▶ Information provided:
----
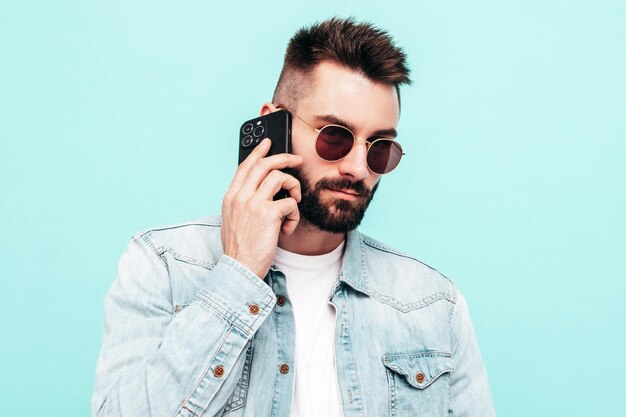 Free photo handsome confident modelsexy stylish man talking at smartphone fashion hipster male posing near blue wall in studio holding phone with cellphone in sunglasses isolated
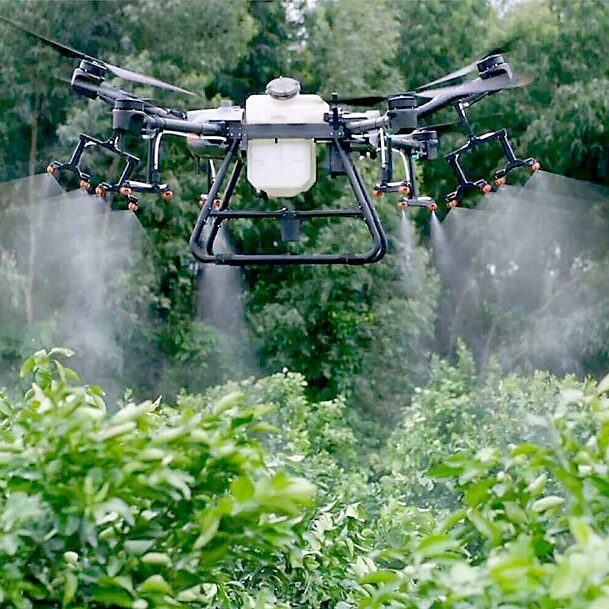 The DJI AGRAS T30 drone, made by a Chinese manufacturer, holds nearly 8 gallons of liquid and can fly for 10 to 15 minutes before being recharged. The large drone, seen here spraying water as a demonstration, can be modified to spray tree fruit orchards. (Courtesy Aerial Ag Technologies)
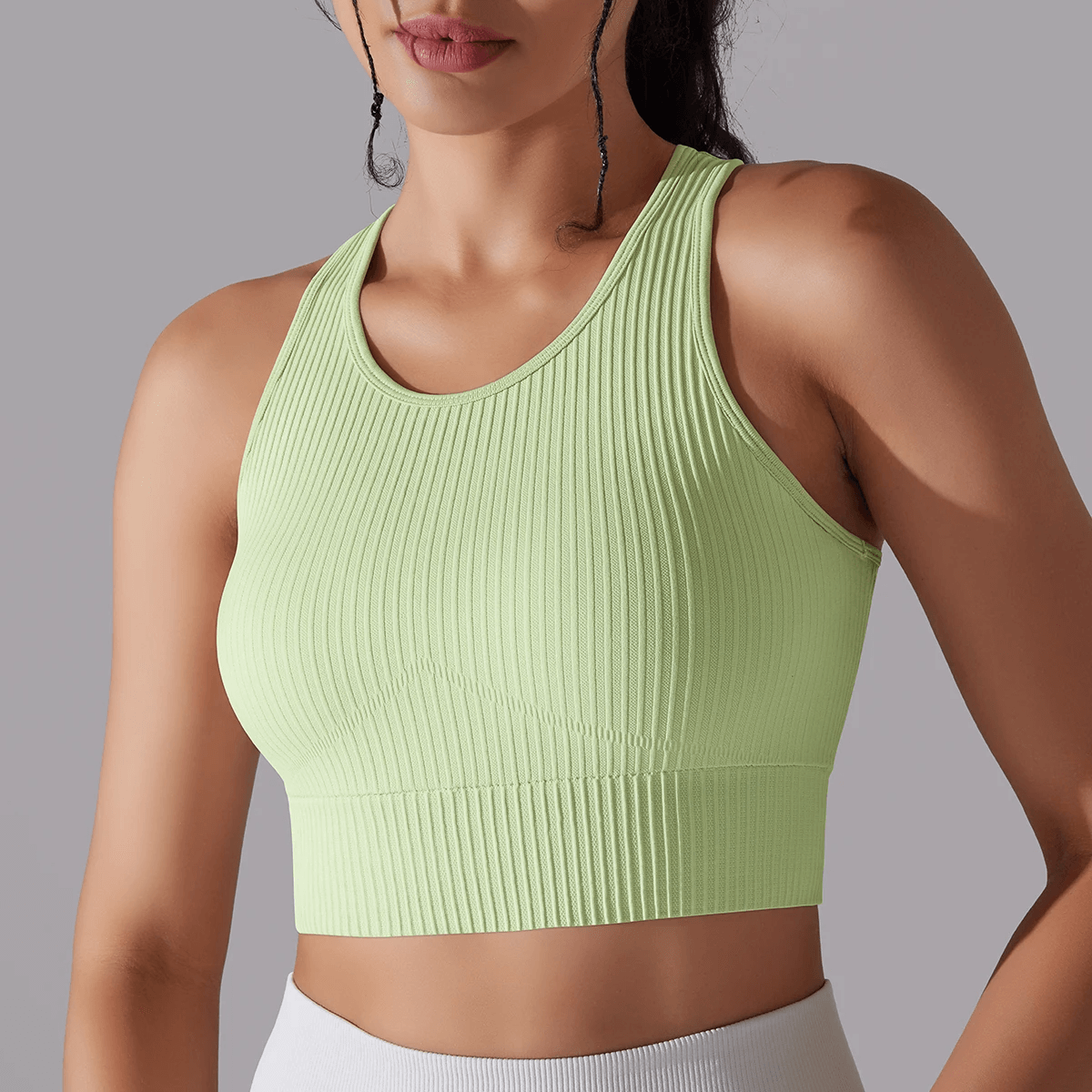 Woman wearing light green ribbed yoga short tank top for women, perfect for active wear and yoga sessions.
----
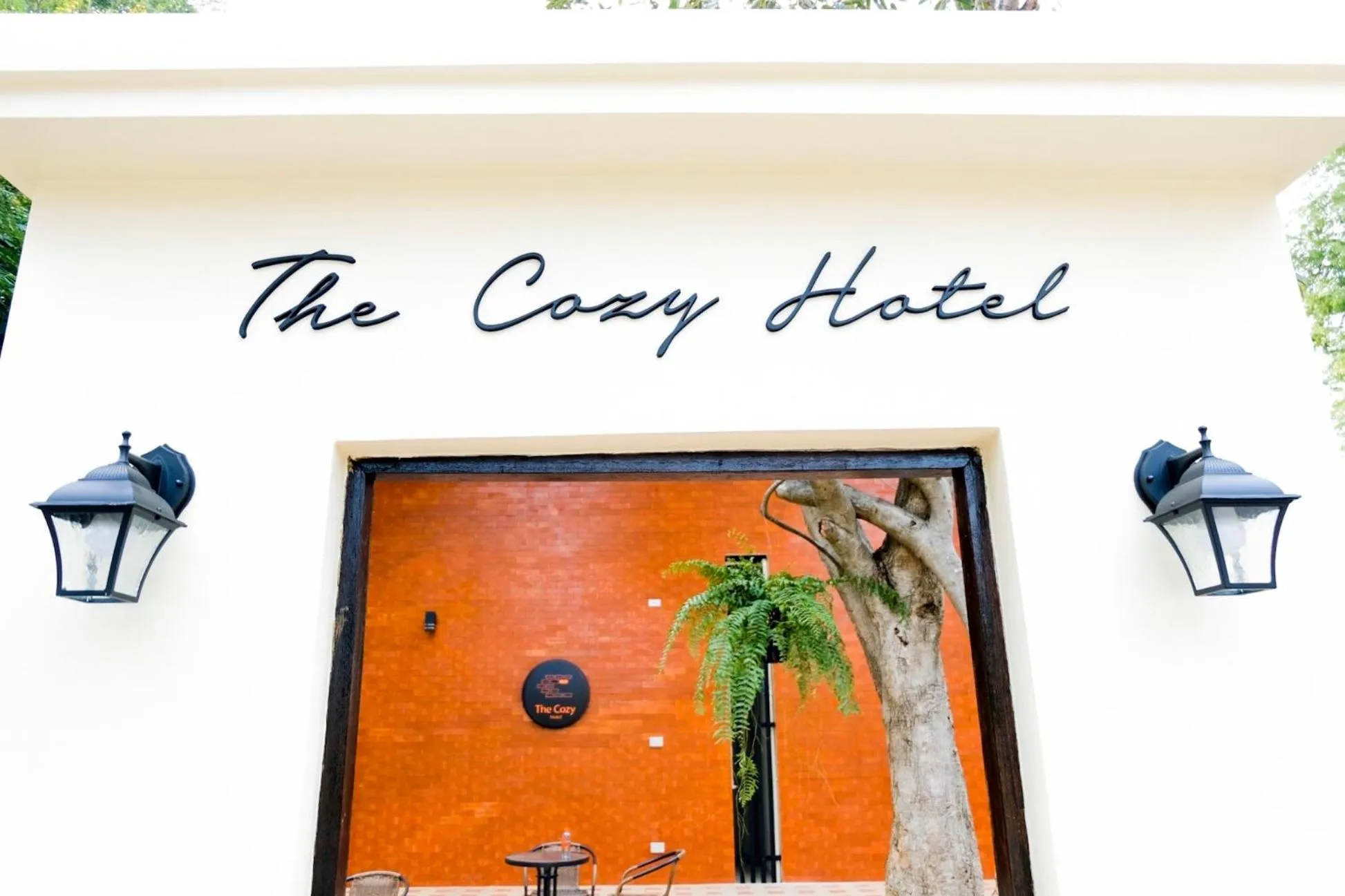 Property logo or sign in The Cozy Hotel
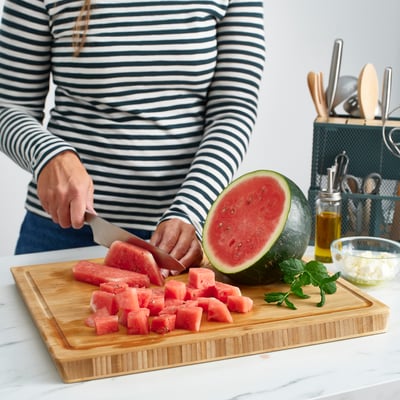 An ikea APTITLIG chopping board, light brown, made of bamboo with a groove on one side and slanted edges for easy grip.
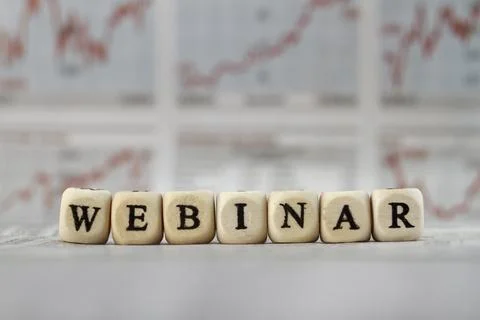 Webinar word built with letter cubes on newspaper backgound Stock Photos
----
Restate the lines above from the one containing "Property logo or sign in The Cozy Hotel" through the one containing "Webinar word built", inclusive, exactly and without pictures.

 Property logo or sign in The Cozy Hotel
 An ikea APTITLIG chopping board, light brown, made of bamboo with a groove on one side and slanted edges for easy grip.
 Webinar word built with letter cubes on newspaper backgound Stock Photos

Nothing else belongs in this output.